Simpang Siurnya, Kementerian Penerimaan Negara

author Raditya Mohammer Khadaffi

share news
share news

URL berhasil dicopy

share news
Raditya M Khadaffi, Wartawan Surabaya Pagi
Raditya M Khadaffi, Wartawan Surabaya Pagi

i

SURABAYAPAGI.com - Judul ini merespon pernyataan Kepala Kantor Komunikasi Kepresidenan Hasan Nasbi, Senin (2/12/2024).

Hasan Nasbi, memastikan pembentukan Kementerian Penerimaan Negara belum dibahas oleh Presiden Prabowo Subianto di sidang kabinet paripurna di Kantor Presiden, Jakarta, hingga Senin (2/12).

"Sampai saat ini tidak ada pembahasan dalam rapat kabinet untuk pembentukan Badan Penerimaan Negara," kata Hasan di Kantor Presiden, Jakarta .

Hasan menjelaskan saat ini Kementerian Keuangan masih bekerja seperti biasa. Kemenkeu,  tetap dipimpin oleh satu menteri dengan tiga wakil menteri.

Sekali lagi dia menekankan sejauh ini isu Anggito  Abimanyu, menjadi Menteri Penerimaan Negara masih sangat liar dan belum bisa dikonfirmasi. Dalam rapat kabinet pun tak ada pembahasan soal jabatan Anggito Abimanyu.

"Ia masih bekerja seperti biasa," kata Hasan. Lho? Ada apa dengan adik Prabowo, Hashim Djojohadikusumo.?

Sehari sebelumnya, Hashim, mengungkap Prabowo akan membentuk Kementerian Penerimaan Negara yang dipimpin Anggito Abimanyu.

"Jadi itu nanti ditangani oleh Pak Anggito Abimanyu sebagai Menteri Penerimaan Negara yang baru," kata adik Prabowo itu dalam acara Rapimnas Kadin 2024, di Hotel Mulia Jakarta, Minggu (1/12).

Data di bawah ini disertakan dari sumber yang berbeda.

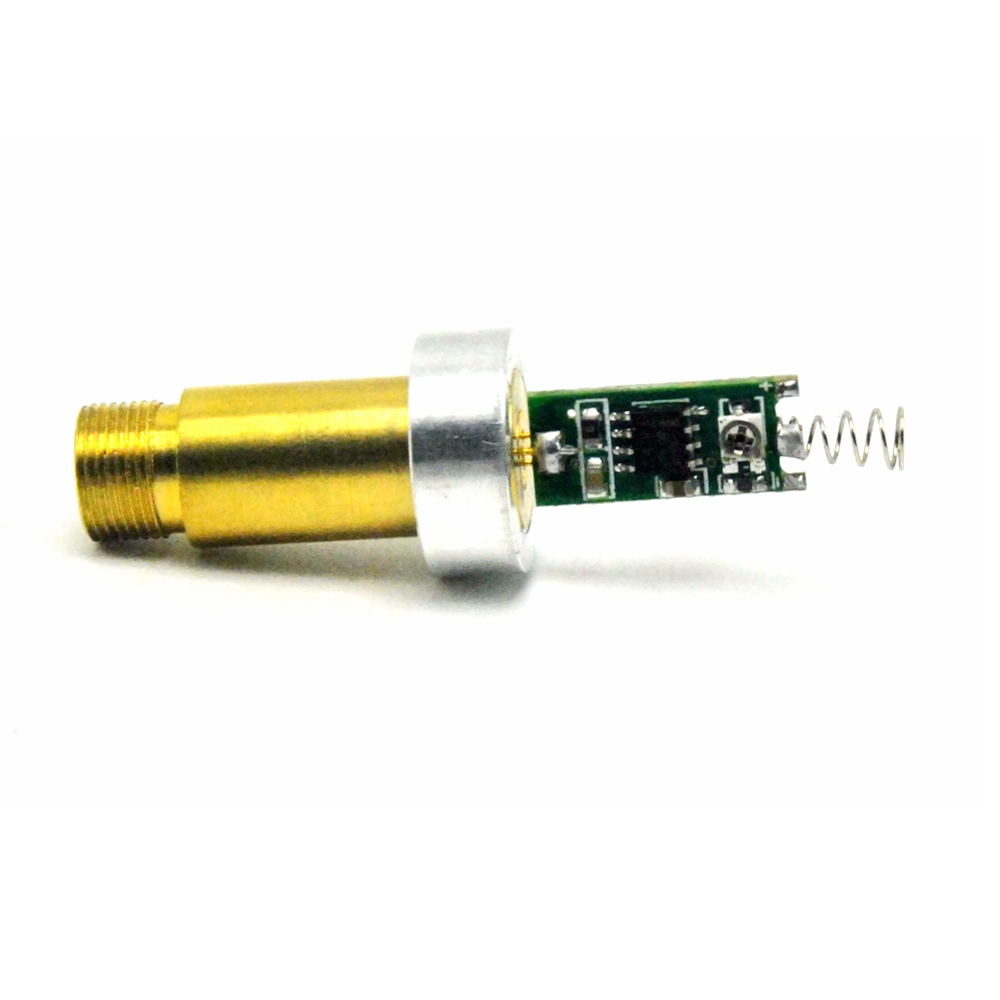 Przemysłowy moduł lasera zielo – Industrial Laser Pointer recenzja i cena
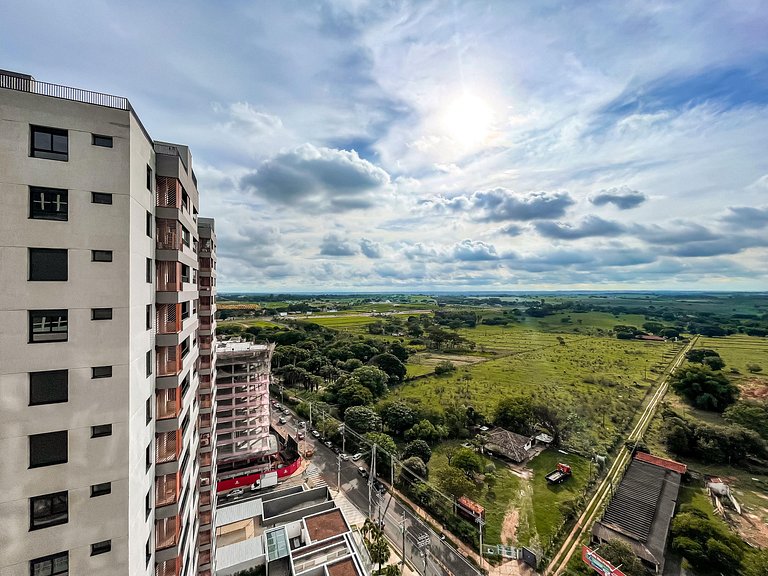 Hype 017 | 18ºA | Vista Incrível, Design Assinado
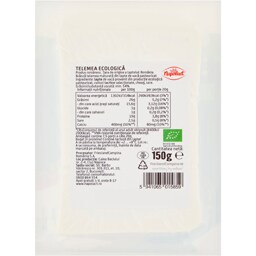 Napolact Bio | Telemea bio din lapte de vaca 150g
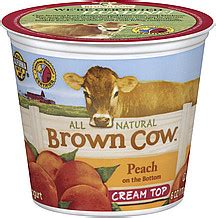 Brown Cow Yogurt Review - Probiotics DatabaseProbiotics Database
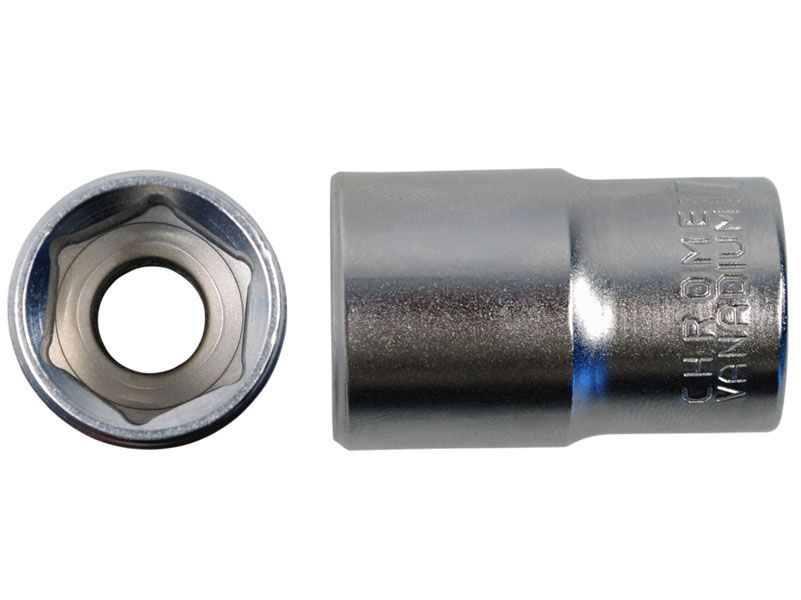 

Головка шестигранная 1/2" 24мм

Anggito kini masih menjabat Wakil Menteri Keuangan membantu Sri Mulyani. Namun, Hashim mengklaim posisi wamenkeu hanya jabatan sementara Anggito.

Nantinya, Anggito akan diangkat sebagai Menteri Penerimaan Negara.

"Sementara beliau nanti diangkat sebagai Menteri Penerimaan Negara. Jadi ini untuk menangani pajak, menangani cukai, dan menangani revenue atau perlindungan negara berupa royalti dari pertambangan dan lain-lain," ujar Hashim.

Apakah Hashim dijadikan tes sound? Atau Hashim punya vested interest di pemerintahan Presiden Prabowo Subianto ? Ia biss diituding membocorksn rahasia negara yang belum diputuskan presiden

 

***

 

Akal sehat saya bilang ada simpang siur mengenai kebijakan pembentukan kementerian di pemerintahan Prabowo?

Catatan jurnalistik saya, ini bukan pertama kali Hashim menyinggung soal Kementerian Penerimaan Negara. Oktober lalu, sebelum Kabinet Merah Putih terbentuk, ia sudah mengungkap wacana ini.

Hashim Djojohadikusumo mengungkap Presiden Prabowo Subianto akan membentuk Kementerian Penerimaan Negara yang dipimpin Anggito Abimanyu.

"Jadi itu nanti ditangani oleh Pak Anggito Abimanyu sebagai Menteri Penerimaan Negara yang baru," kata adik Prabowo itu dalam acara Rapimnas Kadin 2024, di Hotel Mulia Jakarta, Minggu (1/12) .

Padahal sampai saat ini, Anggito masih  menjabat Wakil Menteri Keuangan membantu Bendahara Negara Sri Mulyani. Namun, Hashim mengklaim posisi wamenkeu hanya jabatan sementara Anggito.

"Saya kira dia (Anggito) sebagai wakil menteri, itu nanti untuk sementara. Sementara beliau nanti diangkat sebagai Menteri Penerimaan Negara. Jadi ini untuk menangani pajak, menangani cukai, dan menangani revenue atau perlindungan negara berupa royalti dari pertambangan dan lain-lain," tambah Haahim..

Menurutnya, pembentukan kementerian baru ini dilakukan Prabowo sebagai upaya memperbaiki penerimaan negara. Kementerian anyar itu ditugaskan untuk memperbaiki sistem perpajakan, cukai, hingga mengatasi kebocoran-kebocoran anggaran.

"Kita juga akan nanti modal dari perbaikan sistem pajak, perpajakan, sistem cukai kita. Ada banyak program-program yang sedang dimulai, akan dimulai untuk menutup kebocoran-kebocoran," ungkapnya.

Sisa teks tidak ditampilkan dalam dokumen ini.